TASK INSTRUCTIONS:
For the entries below, print exactly the lines between the line holding "Building Photo - 4315 Greenbrier Dear Rd" and the line holding "Nike Sportswear NIKE", inclusive, and nothing else.

DATA EXTRACT:

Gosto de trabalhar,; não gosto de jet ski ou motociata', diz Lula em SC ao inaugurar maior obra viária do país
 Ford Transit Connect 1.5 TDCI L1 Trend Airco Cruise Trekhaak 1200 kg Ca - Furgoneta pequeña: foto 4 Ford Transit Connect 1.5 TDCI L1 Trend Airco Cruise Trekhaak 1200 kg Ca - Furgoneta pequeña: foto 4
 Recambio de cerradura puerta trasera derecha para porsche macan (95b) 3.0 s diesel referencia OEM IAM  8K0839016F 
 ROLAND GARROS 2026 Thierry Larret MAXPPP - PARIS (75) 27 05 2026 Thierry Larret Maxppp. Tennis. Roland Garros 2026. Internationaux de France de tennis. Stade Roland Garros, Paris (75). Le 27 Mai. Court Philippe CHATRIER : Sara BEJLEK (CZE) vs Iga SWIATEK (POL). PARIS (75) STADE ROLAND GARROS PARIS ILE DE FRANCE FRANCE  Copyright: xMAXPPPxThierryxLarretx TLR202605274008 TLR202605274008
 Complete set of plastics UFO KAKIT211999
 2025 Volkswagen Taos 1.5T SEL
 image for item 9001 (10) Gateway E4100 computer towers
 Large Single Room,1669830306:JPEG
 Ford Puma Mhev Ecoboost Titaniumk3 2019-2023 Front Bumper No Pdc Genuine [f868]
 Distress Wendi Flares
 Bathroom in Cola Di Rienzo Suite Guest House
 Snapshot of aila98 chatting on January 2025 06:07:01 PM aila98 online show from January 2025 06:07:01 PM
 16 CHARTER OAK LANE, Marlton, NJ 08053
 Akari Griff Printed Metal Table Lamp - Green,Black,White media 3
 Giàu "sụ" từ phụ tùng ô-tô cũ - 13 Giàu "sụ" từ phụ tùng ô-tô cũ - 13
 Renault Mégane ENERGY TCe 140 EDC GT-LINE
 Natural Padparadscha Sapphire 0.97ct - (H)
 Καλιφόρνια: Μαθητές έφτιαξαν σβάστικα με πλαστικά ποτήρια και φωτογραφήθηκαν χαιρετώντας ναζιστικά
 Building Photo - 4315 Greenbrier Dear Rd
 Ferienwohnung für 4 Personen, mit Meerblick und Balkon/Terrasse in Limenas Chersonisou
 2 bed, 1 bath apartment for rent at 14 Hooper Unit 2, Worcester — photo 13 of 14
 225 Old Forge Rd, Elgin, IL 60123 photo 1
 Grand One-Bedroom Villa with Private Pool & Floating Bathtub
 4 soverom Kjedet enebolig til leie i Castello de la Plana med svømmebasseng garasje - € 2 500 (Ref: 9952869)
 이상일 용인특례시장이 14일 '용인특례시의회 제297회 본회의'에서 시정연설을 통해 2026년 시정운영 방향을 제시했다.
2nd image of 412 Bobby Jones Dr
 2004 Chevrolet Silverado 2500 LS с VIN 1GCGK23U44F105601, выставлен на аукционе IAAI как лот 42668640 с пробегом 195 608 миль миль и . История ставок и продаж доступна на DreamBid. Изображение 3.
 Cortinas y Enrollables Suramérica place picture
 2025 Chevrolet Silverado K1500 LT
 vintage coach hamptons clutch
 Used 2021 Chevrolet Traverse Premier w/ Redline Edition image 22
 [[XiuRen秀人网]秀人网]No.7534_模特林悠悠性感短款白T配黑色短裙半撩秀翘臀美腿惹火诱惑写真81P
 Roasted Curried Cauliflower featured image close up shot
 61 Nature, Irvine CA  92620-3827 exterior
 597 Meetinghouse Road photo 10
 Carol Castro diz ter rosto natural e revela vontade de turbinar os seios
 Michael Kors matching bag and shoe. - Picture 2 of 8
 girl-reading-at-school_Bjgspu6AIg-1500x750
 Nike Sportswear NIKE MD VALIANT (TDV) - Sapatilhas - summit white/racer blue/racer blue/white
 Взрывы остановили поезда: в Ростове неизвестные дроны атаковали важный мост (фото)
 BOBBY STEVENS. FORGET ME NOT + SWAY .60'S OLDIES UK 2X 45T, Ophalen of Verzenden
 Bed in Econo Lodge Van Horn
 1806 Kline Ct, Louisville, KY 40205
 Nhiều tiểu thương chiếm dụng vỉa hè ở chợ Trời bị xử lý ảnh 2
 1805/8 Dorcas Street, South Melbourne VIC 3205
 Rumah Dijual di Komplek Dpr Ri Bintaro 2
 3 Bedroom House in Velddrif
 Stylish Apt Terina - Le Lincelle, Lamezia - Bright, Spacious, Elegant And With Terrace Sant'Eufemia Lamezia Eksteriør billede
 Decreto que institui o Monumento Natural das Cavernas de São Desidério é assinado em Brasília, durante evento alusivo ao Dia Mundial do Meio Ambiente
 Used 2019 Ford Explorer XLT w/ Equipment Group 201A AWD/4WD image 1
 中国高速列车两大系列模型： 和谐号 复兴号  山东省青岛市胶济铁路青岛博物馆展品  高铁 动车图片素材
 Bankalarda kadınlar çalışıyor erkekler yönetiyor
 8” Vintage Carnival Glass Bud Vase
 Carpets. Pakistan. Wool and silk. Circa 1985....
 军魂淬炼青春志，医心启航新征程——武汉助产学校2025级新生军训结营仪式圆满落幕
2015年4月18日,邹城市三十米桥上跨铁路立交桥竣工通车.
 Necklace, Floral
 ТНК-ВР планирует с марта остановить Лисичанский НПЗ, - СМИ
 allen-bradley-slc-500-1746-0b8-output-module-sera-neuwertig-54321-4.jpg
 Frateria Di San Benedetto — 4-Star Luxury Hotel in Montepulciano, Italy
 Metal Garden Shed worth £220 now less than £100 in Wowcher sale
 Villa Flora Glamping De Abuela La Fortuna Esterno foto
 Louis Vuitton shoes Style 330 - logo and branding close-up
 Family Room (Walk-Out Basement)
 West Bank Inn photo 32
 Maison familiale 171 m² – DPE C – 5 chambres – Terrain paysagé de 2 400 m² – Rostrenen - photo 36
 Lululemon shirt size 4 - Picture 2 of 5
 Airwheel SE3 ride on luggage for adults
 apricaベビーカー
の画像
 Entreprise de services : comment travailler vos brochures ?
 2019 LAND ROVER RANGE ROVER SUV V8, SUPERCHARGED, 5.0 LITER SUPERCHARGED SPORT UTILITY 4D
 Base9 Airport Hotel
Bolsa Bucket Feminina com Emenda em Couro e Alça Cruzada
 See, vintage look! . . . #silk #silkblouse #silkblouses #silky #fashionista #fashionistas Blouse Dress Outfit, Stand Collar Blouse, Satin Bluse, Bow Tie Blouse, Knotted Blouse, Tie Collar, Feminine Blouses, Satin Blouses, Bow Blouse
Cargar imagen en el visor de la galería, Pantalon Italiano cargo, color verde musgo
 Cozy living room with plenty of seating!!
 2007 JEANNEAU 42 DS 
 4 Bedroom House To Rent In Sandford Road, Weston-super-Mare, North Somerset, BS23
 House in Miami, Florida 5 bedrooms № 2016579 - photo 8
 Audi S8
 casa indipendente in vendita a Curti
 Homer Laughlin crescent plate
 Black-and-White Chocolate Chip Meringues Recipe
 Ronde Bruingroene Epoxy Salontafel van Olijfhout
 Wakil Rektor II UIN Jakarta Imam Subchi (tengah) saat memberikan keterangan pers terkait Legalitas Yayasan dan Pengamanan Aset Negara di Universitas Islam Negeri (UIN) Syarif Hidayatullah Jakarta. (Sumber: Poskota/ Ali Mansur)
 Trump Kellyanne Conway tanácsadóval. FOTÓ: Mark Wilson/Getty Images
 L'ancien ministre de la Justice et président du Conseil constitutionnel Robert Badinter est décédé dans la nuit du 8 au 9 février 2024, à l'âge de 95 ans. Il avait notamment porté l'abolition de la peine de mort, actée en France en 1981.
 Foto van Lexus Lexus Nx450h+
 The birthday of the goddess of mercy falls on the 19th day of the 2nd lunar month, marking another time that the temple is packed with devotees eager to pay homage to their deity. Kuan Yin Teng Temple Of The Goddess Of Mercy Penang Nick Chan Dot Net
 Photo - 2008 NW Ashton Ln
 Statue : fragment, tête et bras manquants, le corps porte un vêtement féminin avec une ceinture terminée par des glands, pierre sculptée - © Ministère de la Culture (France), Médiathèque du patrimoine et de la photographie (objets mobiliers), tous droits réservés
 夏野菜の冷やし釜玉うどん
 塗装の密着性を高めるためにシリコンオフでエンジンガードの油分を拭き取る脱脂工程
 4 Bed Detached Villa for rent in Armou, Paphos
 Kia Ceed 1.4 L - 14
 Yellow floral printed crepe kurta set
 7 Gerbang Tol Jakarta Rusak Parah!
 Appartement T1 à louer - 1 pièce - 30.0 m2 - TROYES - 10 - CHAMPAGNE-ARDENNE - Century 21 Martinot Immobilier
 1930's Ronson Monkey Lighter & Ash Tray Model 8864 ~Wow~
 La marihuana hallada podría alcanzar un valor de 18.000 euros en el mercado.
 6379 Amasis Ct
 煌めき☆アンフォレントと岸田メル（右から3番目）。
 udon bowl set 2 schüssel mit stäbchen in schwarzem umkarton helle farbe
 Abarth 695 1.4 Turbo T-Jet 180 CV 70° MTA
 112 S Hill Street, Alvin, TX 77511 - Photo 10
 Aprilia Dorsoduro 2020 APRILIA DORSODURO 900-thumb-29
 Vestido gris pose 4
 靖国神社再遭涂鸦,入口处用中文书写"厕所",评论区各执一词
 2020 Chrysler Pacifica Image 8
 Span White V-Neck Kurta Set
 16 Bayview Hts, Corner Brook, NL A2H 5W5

WRITTEN SOLUTION:
 Building Photo - 4315 Greenbrier Dear Rd
 Ferienwohnung für 4 Personen, mit Meerblick und Balkon/Terrasse in Limenas Chersonisou
 2 bed, 1 bath apartment for rent at 14 Hooper Unit 2, Worcester — photo 13 of 14
 225 Old Forge Rd, Elgin, IL 60123 photo 1
 Grand One-Bedroom Villa with Private Pool & Floating Bathtub
 4 soverom Kjedet enebolig til leie i Castello de la Plana med svømmebasseng garasje - € 2 500 (Ref: 9952869)
 이상일 용인특례시장이 14일 '용인특례시의회 제297회 본회의'에서 시정연설을 통해 2026년 시정운영 방향을 제시했다.
2nd image of 412 Bobby Jones Dr
 2004 Chevrolet Silverado 2500 LS с VIN 1GCGK23U44F105601, выставлен на аукционе IAAI как лот 42668640 с пробегом 195 608 миль миль и . История ставок и продаж доступна на DreamBid. Изображение 3.
 Cortinas y Enrollables Suramérica place picture
 2025 Chevrolet Silverado K1500 LT
 vintage coach hamptons clutch
 Used 2021 Chevrolet Traverse Premier w/ Redline Edition image 22
 [[XiuRen秀人网]秀人网]No.7534_模特林悠悠性感短款白T配黑色短裙半撩秀翘臀美腿惹火诱惑写真81P
 Roasted Curried Cauliflower featured image close up shot
 61 Nature, Irvine CA  92620-3827 exterior
 597 Meetinghouse Road photo 10
 Carol Castro diz ter rosto natural e revela vontade de turbinar os seios
 Michael Kors matching bag and shoe. - Picture 2 of 8
 girl-reading-at-school_Bjgspu6AIg-1500x750
 Nike Sportswear NIKE MD VALIANT (TDV) - Sapatilhas - summit white/racer blue/racer blue/white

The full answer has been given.